May 8, 2016
It’s hard to believe that Canada has faded from view. Time is moving quickly and once again we’re reunited with our bikes. After nearly four weeks at sea and time spent with dear friends new and old, we’re moving once again.
When we sit for too long, inertia works to keep us still and it’s pull is strong. Suddenly the daily ritual of packing, getting ready, fueling the bikes and finding our way seems harder than it did. But it quickly returns to simply doing what we do. Slowly our bags are becoming less full while our hearts become more-so. We’re becoming more experienced and more confident to leave the known behind and to venture into those parts of the world where it all becomes new.
In Canada this sense of displacement can only exist to a point. It’s only going to get so different and that’s been fine with us. The seventy-plus days spent travelling across our homeland have been some of the best in our lives. We’ve seen places like La Gaspé that have taken our breath away, and places like the Terry Fox Memorial that reveal to us what is possible when our hearts and minds unite in a singular vision. We’ve seen history recalled in landscapes and architecture, even when the events that have created such a wonderful country haven’t always reflected it’s currently welcoming persuasion.
And now we’re in Europe heading south towards the Mediterranean. The UK with it’s familiarity still offers challenges in the form of paperwork, left-lane driving and endless roundabouts but it’s still easily navigable. And now France adds to the collage with a language we can somewhat communicate in. At first every interaction is laboured – a mix of smiles, flubbed sentences and wild gestures. But, after a couple of weeks, much less so. Perhaps the beauty of travel is its removal of the fear to try and the very tangible growth we see from letting that fear go.

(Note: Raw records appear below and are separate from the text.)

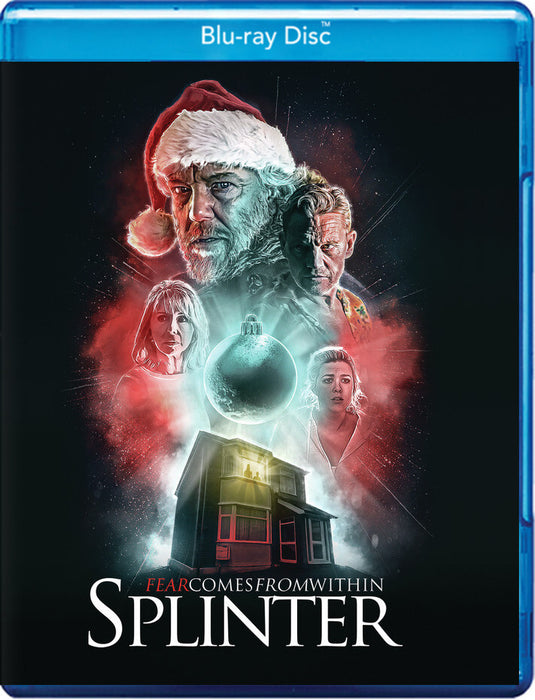 Splinter (MOD) (BluRay Movie) - movie cover art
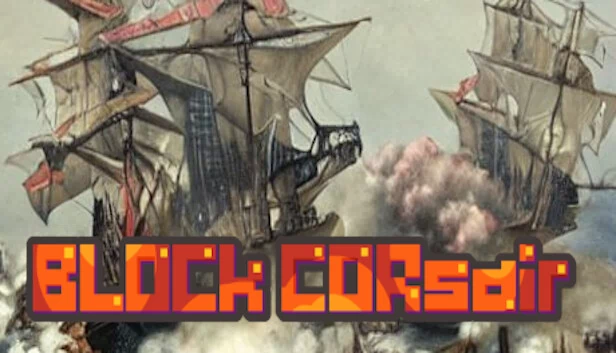 BLOCkCORsair 游戏封面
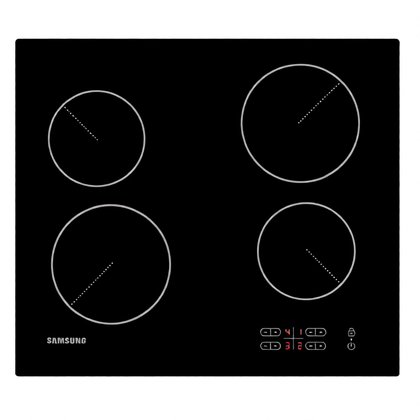 Płyta ceramiczna do zabudowy Samsung CTR 464EB01 6000 W czarna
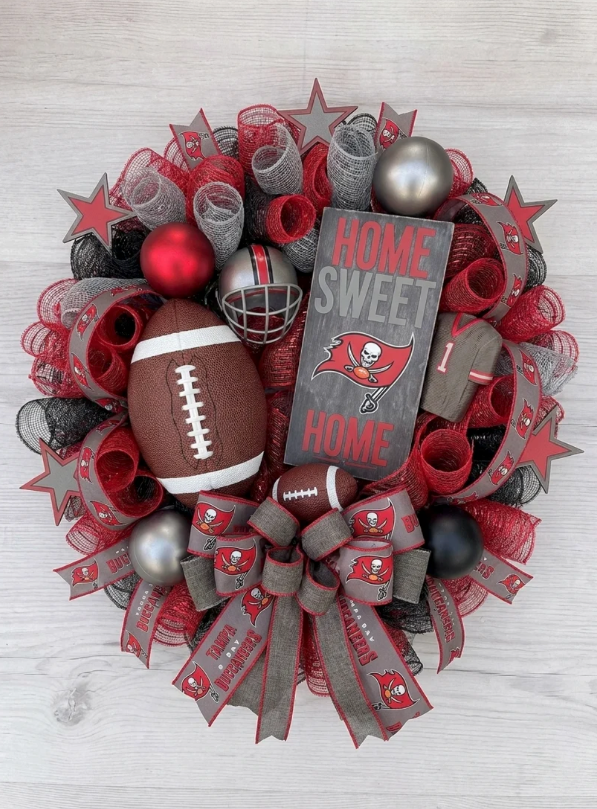 Touchdown NFL Wreaths
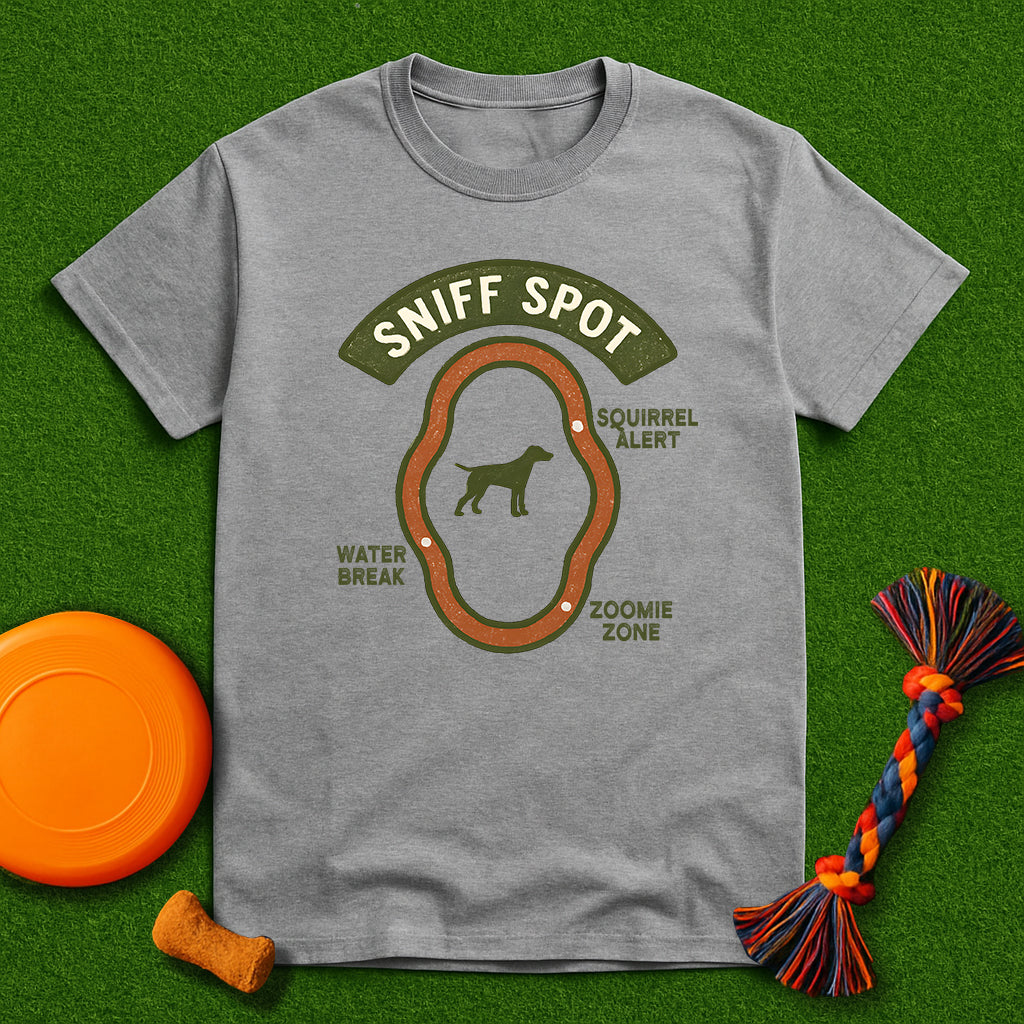 Sniff Spot GSP T-Shirt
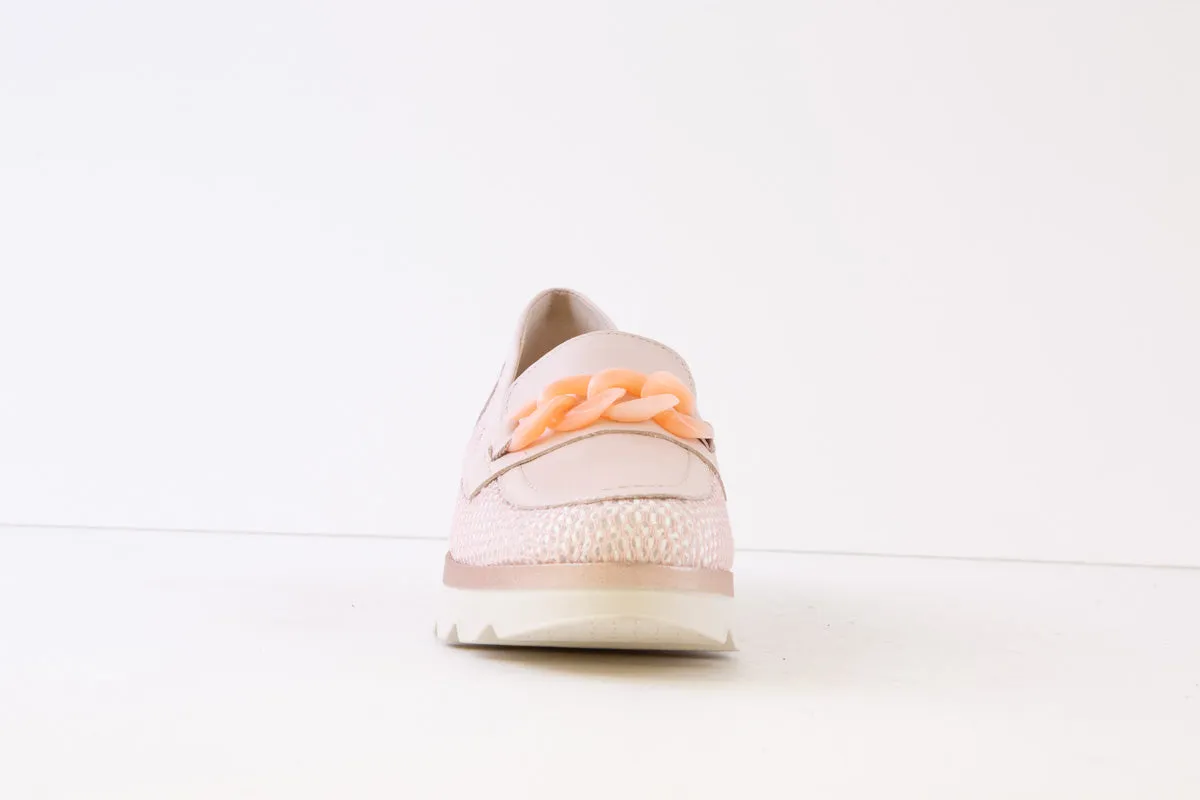 PITILLOS - 5113 CHUNKY SLIP-ON SHOE - PINK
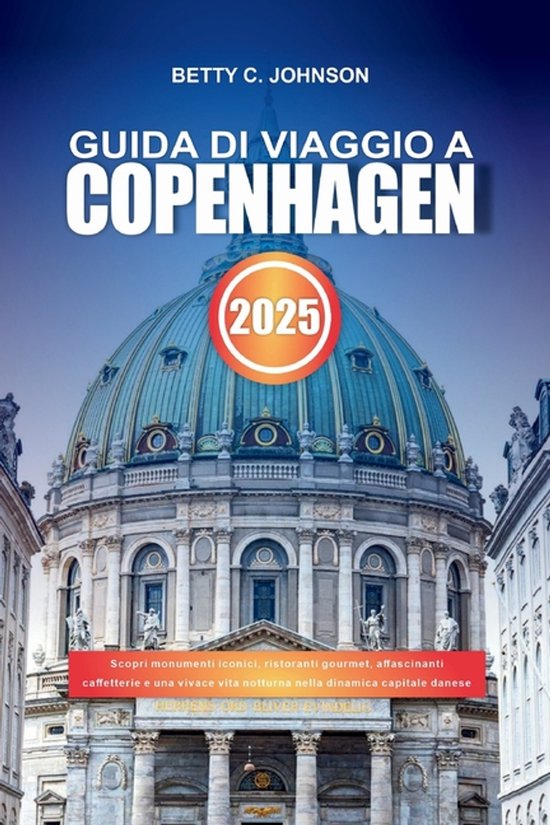 Guida Di Viaggio a Copenaghen 2025 - cover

They say that travelling changes us forever, and I believe that. It also changes us on a very simple, less lofty level; travel simply presents us with moments in which can choose to participate, or not, and the more foreign the land, the more obvious our choices around that simple idea become. France is far from truly foreign for us, but with countries on the horizon that will feel completely different from home, it’s comforting to know that an essential part of our experience is in our hands – in our willingness to yield to our surroundings and circumstance. Good or bad, we always have choices.